Problem to work on:
Leave the pictures out, and transcribe the material below exactly from the line with "Red Lobster. Marine Food" to the line with "Koala , Widescreen , Full , PC wallpaper", both lines included.
───── Data provided
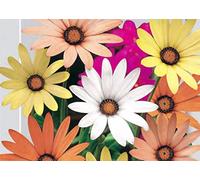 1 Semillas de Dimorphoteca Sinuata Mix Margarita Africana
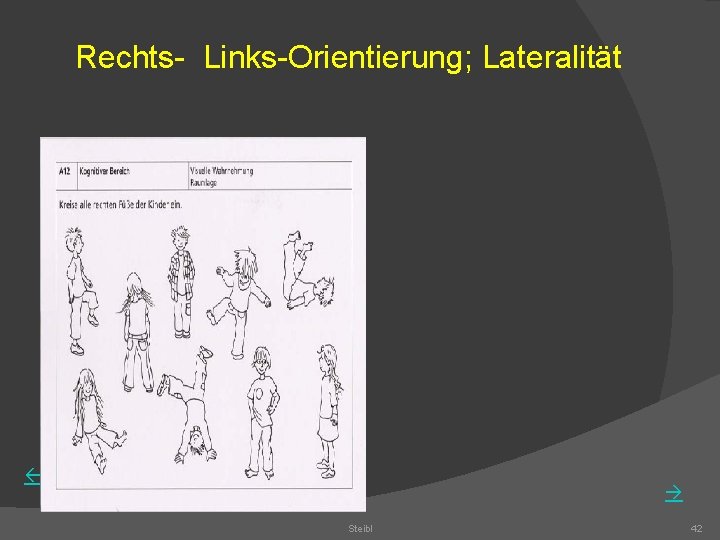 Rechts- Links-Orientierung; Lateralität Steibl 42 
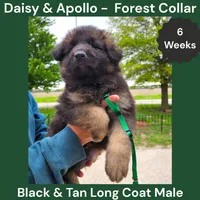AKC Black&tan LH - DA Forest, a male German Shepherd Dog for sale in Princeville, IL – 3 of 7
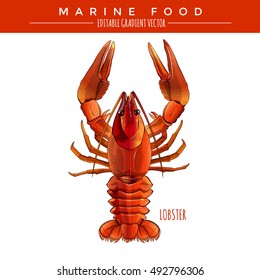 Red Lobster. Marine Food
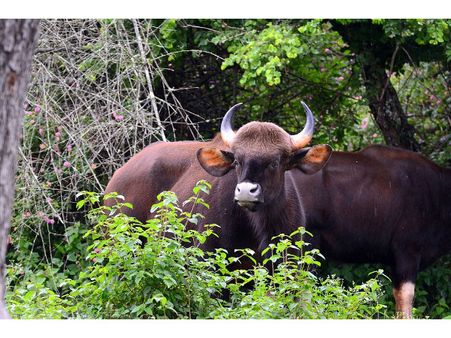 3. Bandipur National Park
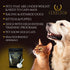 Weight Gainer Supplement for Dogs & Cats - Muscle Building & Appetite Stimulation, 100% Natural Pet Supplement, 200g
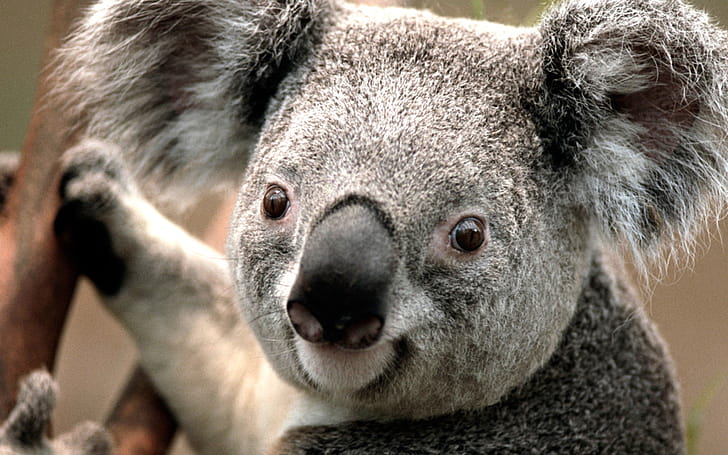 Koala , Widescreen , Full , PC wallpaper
──────────
───── Data provided
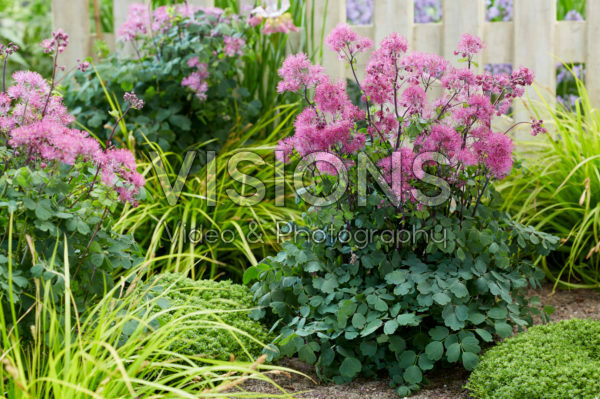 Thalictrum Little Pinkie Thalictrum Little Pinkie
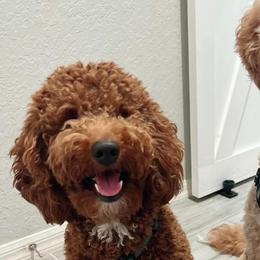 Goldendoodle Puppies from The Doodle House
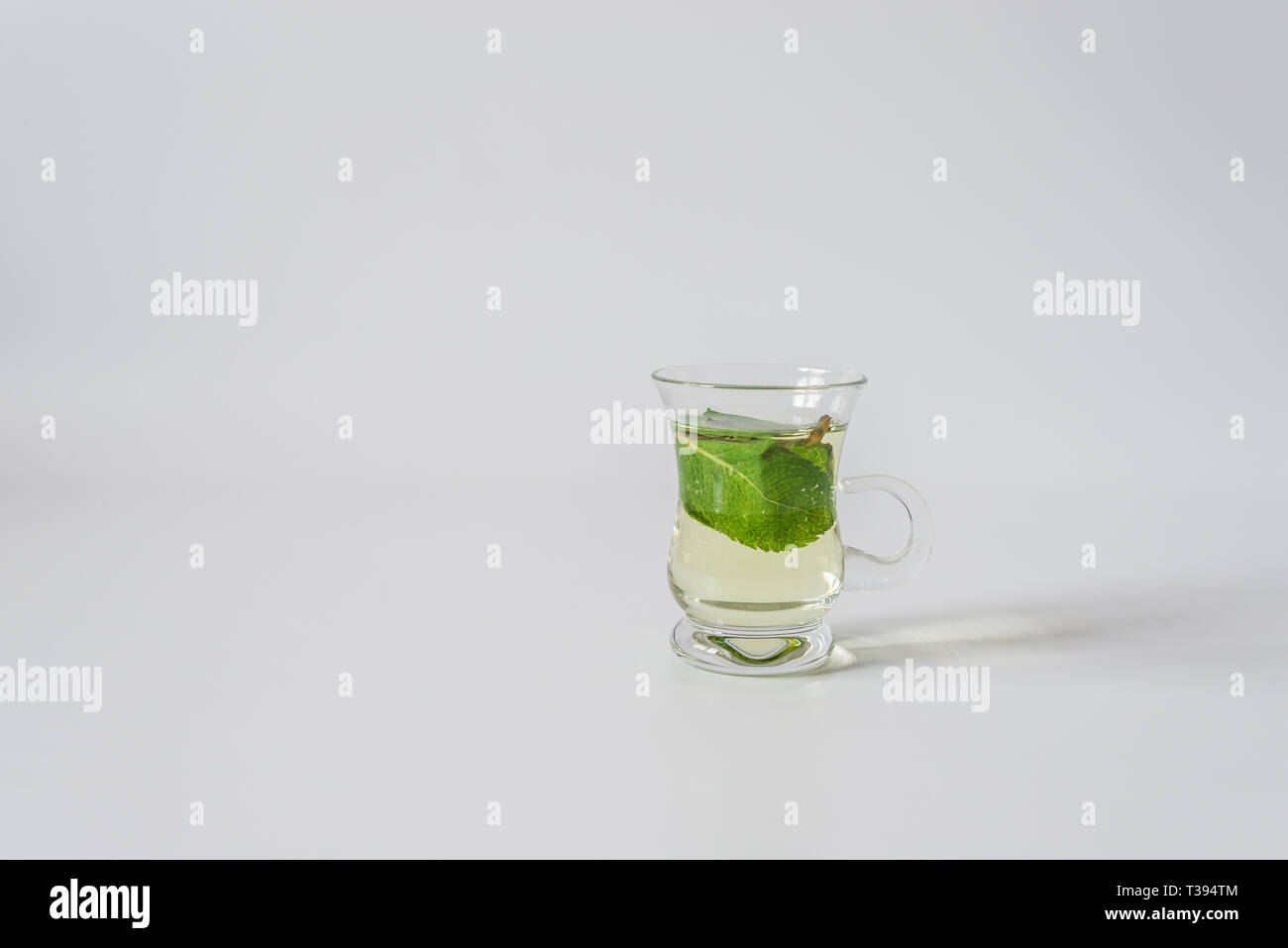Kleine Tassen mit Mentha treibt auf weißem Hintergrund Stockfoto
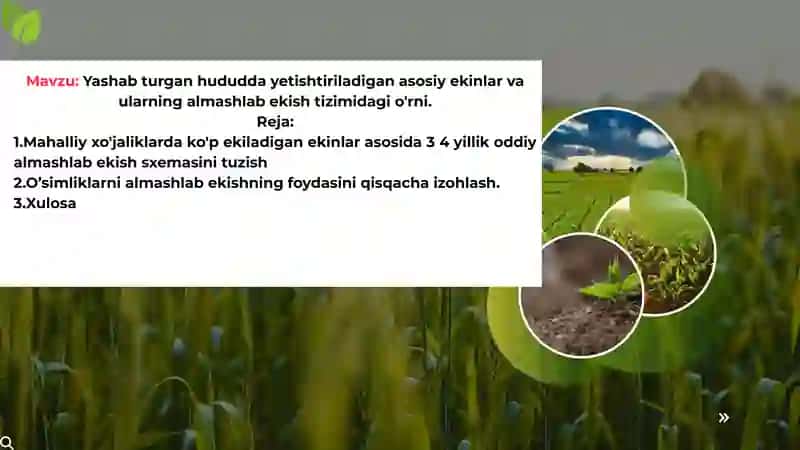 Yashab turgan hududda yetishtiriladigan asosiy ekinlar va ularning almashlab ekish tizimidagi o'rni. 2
──────────
Finished exercise:
 Red Lobster. Marine Food
 3. Bandipur National Park
 Weight Gainer Supplement for Dogs & Cats - Muscle Building & Appetite Stimulation, 100% Natural Pet Supplement, 200g
 Koala , Widescreen , Full , PC wallpaper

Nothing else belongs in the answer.